Budget: much to like, more to do

Sector stakeholders have largely welcomed the federal budget, which directs $36 billion into the aged care sector.

Sector stakeholders – including peaks, providers and unions – have largely welcomed the federal budget, which directs $36 billion into the aged care sector in 2023-24.

As previously announced last Thursday, this includes $11 billion to fund the 15 per cent workers’ pay rise.

“Aged care workers have been undervalued and underpaid for too long,” said Minister for Health and Aged Care Mark Butler. “We are supporting a wage increase for them because it’s the right thing to do.”

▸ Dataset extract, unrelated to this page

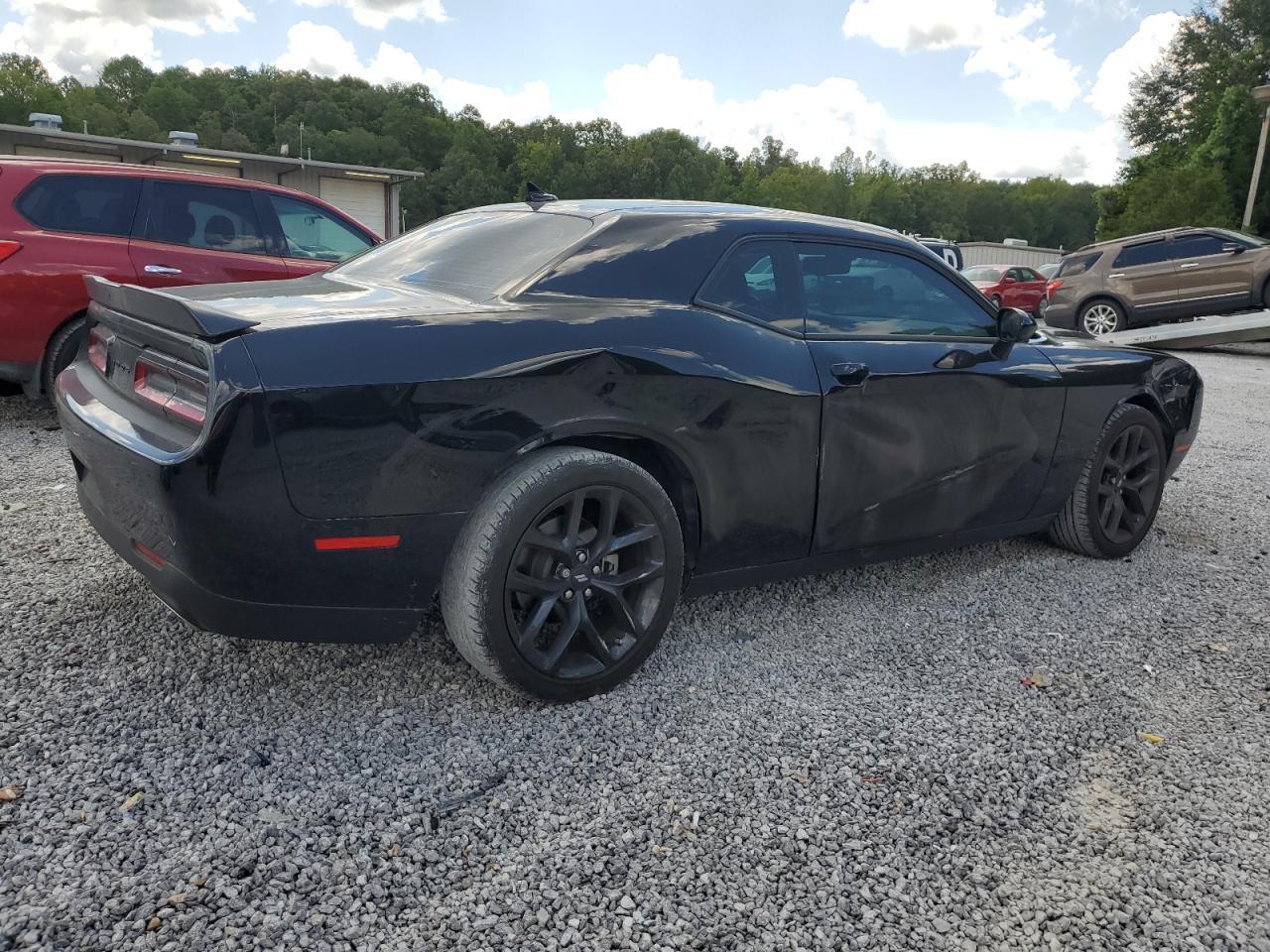2023 Dodge Challenger Sxt - Image 3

In a Twitter post, Minister for Aged Care Anika Wells said aged care workers deserved “every cent”.

Tom Symondson

The pay increase “will help to make aged care a more attractive sector to work in,” said Tom Symondson, CEO of the Aged & Community Care Providers Association.

More than 250,000 aged care workers in residential and home care will receive the pay rise from 1 July. The increase, said Mr Symondson “is incredibly welcome and represents a crucial step in building and strengthening our workforce after a very challenging few years.”

The new funding commitments will help providers meet incoming mandatory requirements, said Mr Symondson, such as the increase in care minutes and registered nurses onsite 24/7.

Mr Symondson said the sector was encouraged by the government’s decision to raise the Australian National Aged Care Classification price – which funds the care that residents receive – by 17.6 per cent to $243.10 to pay for both the wage hikes and indexation.

“We understand that total indexation will increase by 5.7 per cent – more than triple last year’s indexation figure – which is something we advocated for, given the pressures inflation is having on the sector,” said Mr Symondson. “However, it still doesn’t match CPI [consumer price index], which will have an impact on aged care sustainability.”

Mr Symondson also welcomed the establishment of an aged care taskforce, which will provide advice on how to create a sustainable aged care system.

“ACCPA has been calling for some time for a national conversation about the sustainability of the sector, ensuring we have the funding we need to provide quality aged care services.”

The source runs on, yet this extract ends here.